Operational testing can be much more complex than scenario planning for digital resilience. It requires organizations to pre-identify physical dangers and rule them out. A converged security team would be most beneficial for operational scenario planning, but if that’s not an option, look to the military for advice, consultation or even hiring purposes.
Scenario planning starts with asking the right questions. Marco Figueroa, Principal Threat Researcher, SentinelOne, told RSAC participants that one of the most important exercises is to form an internal think tank coming up with worst-case scenarios. Think: What would attackers want if they penetrated your network? What are your crown jewels?
“You need to have that conversation,” said Figueroa. “If it hits the CAT scan or MRI, is that segmented correctly? Or if you’re a car company, ask, ‘Could someone compromise the car-building process?’ These are conversations that I hope will happen in the wake of the [SolarWinds] attack.”
All together now
Organizations trying to unravel the complexity of their global supply chains probably feel a bit like Rapunzel brushing out the world’s biggest snarl. But the hardships experienced over the past 14 months—from the SolarWinds attack to the pandemic—have translated into lessons learned by suppliers and buyers alike. And those lessons have resulted in greater awareness, agility and alignment throughout the cybersecurity industry.
But the work is far from over. In fact, it’s only just begun. Organizations must look to NIST for guidance on SBOMs, DBOMs and standards for IoT development. New data privacy laws coming down the pike will require companies’ compliance, as will any further regulation on global trade. If you drive across your enterprise and third-party ecosystem culture of relentless awareness, you will not fall behind.
However, supply chain security awareness alone won’t give organizations a competitive edge.
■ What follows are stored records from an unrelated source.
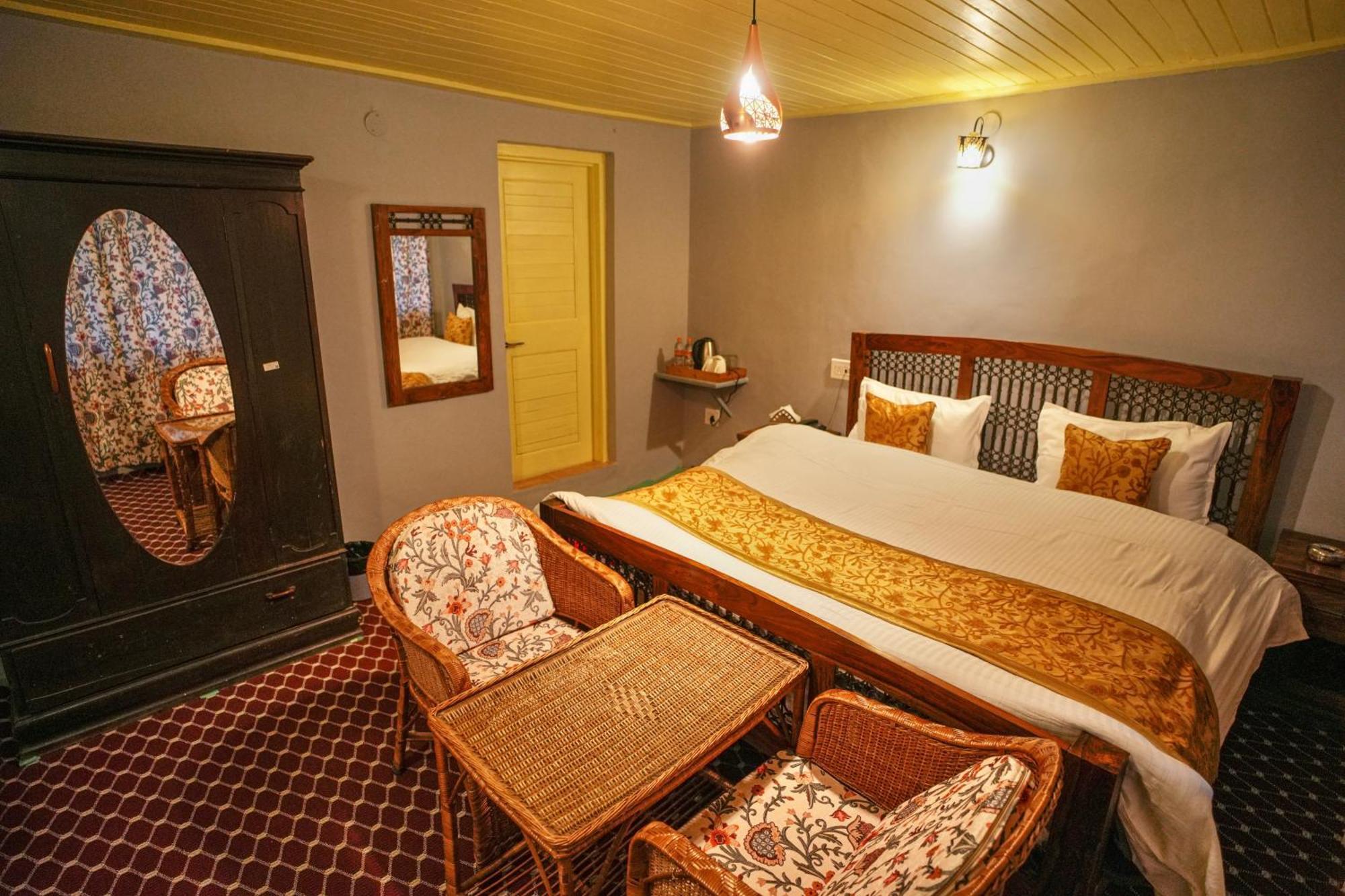 Hotel Little Silver Pahalgam Exterior photo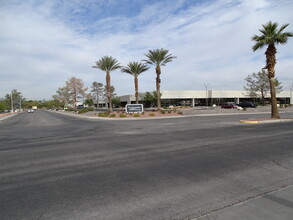 7 Cactus Garden Dr, Henderson, NV à louer Photo de l’immeuble– Image 1 sur 19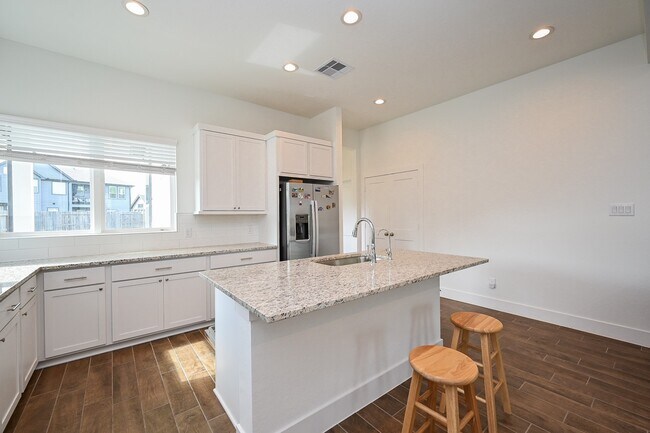 Building Photo - 1535 Cathedral Bend Drive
Andrea Little Limbago, Ph.D., Vice President, Research and Methodology at Interos, told RSAC attendees that in preparing for the new normal, we must avoid the inherent tendency to prepare for yesterday’s risks and disruptions. “We need to overcome this collective failure of imagination,” she said.
Therefore, organizations must also be agile—willing to expect the unexpected event or data point and deal with it as you go. Perhaps you have to shrink a 12-month planning cycle down to six or three months. Or you may need to prioritize auditing suppliers over restructuring teams for better efficiency. Use a framework that gives you a core set of guidelines while allowing for flexibility to address an emergent issue.
Organizations that want to take supply chain resilience a step further will need to reach across their own perimeter to collaborate with others. In “A Punch to the Supply Chain: Fighting Back to Resilience,” Edna Conway, Chief Security & Risk Officer for Microsoft’s Azure, said, “Let’s be clear: It’s a world of ‘we.’ The concept of ‘us’ and ‘them’ doesn’t work anymore.” Collective security requires that we move from a shared responsibility model to a shared fate approach. If you don’t sit down at the table and participate in the dialogue, then you’re not part of the solution.